Many many people fail in lifting due to this. You have to make it important. Nobody, ever, who ‘just likes to be get toned’ squeezed the juice from the berry.
Again, for myself and many of my friends, we do this because we need this. We understand that many modern structures don’t allow a consistent effort of will and that ‘discharge’ of the battery makes life better. In recent times, with all the current workload, there were 6 or 7 days where I didn’t train, and I just kept buying stuff, and it was so unconscious, but I’d finish work and just go to bed thinking about buying things. It got to the point where there was a list of things I wanted.

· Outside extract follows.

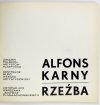[KATALOG]. Związek Polskich Artystów Plastyków, Centralne Biuro Wystaw Artystycznych. Alfons Karny. Rzeźba.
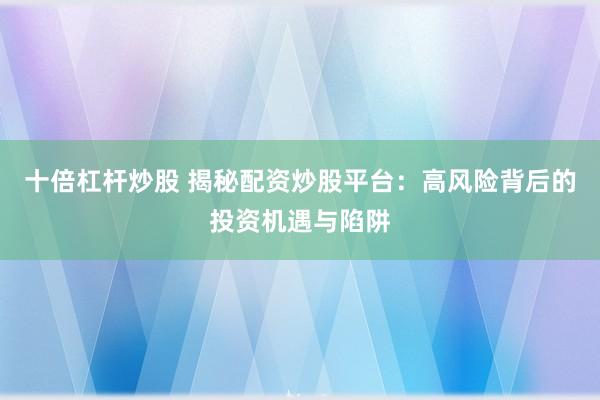十倍杠杆炒股 揭秘配资炒股平台：高风险背后的投资机遇与陷阱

Saturday rolled around, 4-hour squat sessions just dumped the burners. Sunday, when I looked at the list of things to buy, I had zero compulsion at all. I really went "ah – man, I gotta lift, I have no choice, I go nuts otherwise."
Have more self-belief
Limiting beliefs can hold you back and make you less confident. The same people who say ‘how can you get to the gym five times a week’ are the kind of people who never get to the gym five times a week. We’re going to assume the goals you have set are human (i.e., been done before), and to a large extent, if someone else can do it, so can you.
Squatting 300 isn’t impossible, it's just a marathon.
That’s it. That’s the list, we hope it helps. Everyone is in the same boat, everyone has stress, everyone is tired. Some people do, Some people don’t. There are reasons both ways.